Women were limited to two sexual roles in 18th century western society--that of wife and mother, or mistress and/or prostitute. All women, no matter their station, were the property of men and were to be used in whatever way men saw fit. The virgin daughters of royalty and nobility were expected to keep themselves pure for their future husbands, and often in an effort to keep them chaste until marriage, they were sent off to convents at very young ages and schooled by nuns until they began to menstruate. Once their periods began, usually around thirteen to fourteen years of age, they were betrothed and married off, generally to much older men of noble blood.  The wife of a nobleman was expected to be sexually faithful to her husband, for she was the vessel from which sprang his heirs. The only way to guarantee that his legitimate heirs would carry on his name and entitlements was in seeing to it that his wife engaged only in sexual relations with him. Her celibacy was paramount, while his celibacy was a personal choice and not required.

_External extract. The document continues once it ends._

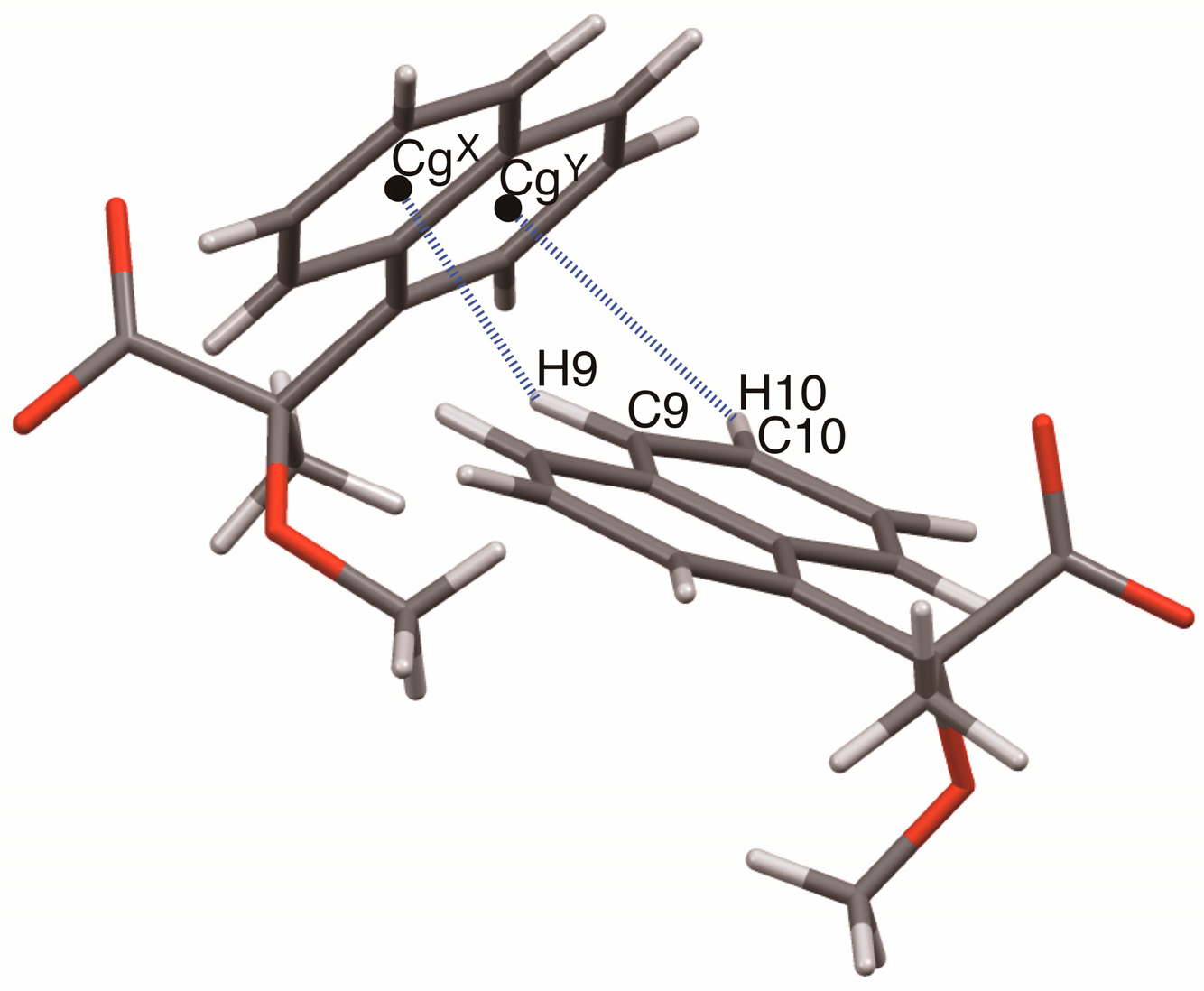 Crystals 07 00263 g012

The mistress held a less respected, but generally well-loved and vital role in society, for it was the mistress who gave the man pleasure and release from the tensions at home. Mistresses were "kept" by their men, and therefore only noblemen or wealthy businessmen or members of the upper educated working classes could afford to keep them.  It was in the bed of the mistress that the man could indulge his sexual fantasies, for sex with a mistress had nothing to do with procreation and everything to do with pleasure. The only sin that a man ever committed with his mistress happened when he fell in love with her. Because the church was loathe to grant divorces, abandonment was often the lot of the wife whose husband transferred his affections to his mistress, and the man who did so was usually blackballed by members of his class and society, making it nearly impossible for him to maintain himself financially. History is rife with stories of noblemen who fell in love with their mistresses--Lord Admiral Nelson with Emma Hamilton, Thomas Jefferson with Sally Hemings, and George IV with Maria Fitzherbert--but few, if any, ultimately abandoned their wives and children and/or titles and positions in order to marry their mistresses. Ultimately the mistress was abandoned whether it be by pressure from society or by the man's death, and in these cases, the mistress was generally left shattered, both emotionally and financially.

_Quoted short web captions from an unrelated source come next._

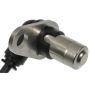 Standard Ignition ALS2243 ABS Speed Sensor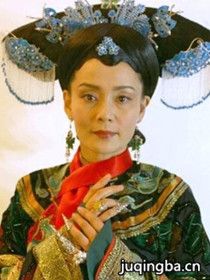 �����֮����������Ա��_ȫ����Ա�������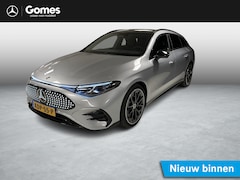 Mercedes-Benz CLA-klasse Shooting Brake - 250+ Business Solution AMG 85 kWh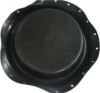 Picture of Pneumatic Control Valve Diaphragm 20 Holes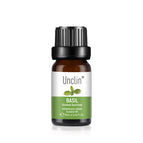 10ML / Basil
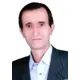 دکتر احمد براتی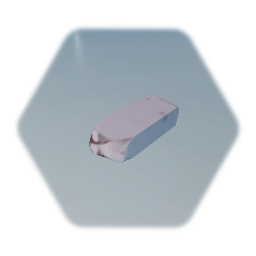 Eraser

It is very clear, then, that the institution of marriage was created to benefit men in western society. Over the course of the last two-hundred years, however, especially with the advent of Women's Suffrage, and later the Women's Liberation Movement, women have made significant gains both sexually and within the institution of marriage. With these new freedoms have come changes in our views of sex and marriage and their roles and purposes within our society that have brought a great deal of conflict and confusion. Now sex is viewed more openly and is less about procreation as for pleasure and expression, and marriage as an institution is about two people who love each other and have decided to join their lives, industry, and property together in order to better care-for and support one another. There are still those pockets of our society that wish to hold on to the old norms and traditions, but overall the changes have taken hold and the result is a much different structure and view of not only sex, but human relationships in general, than what was prominent with our 18th century forefathers.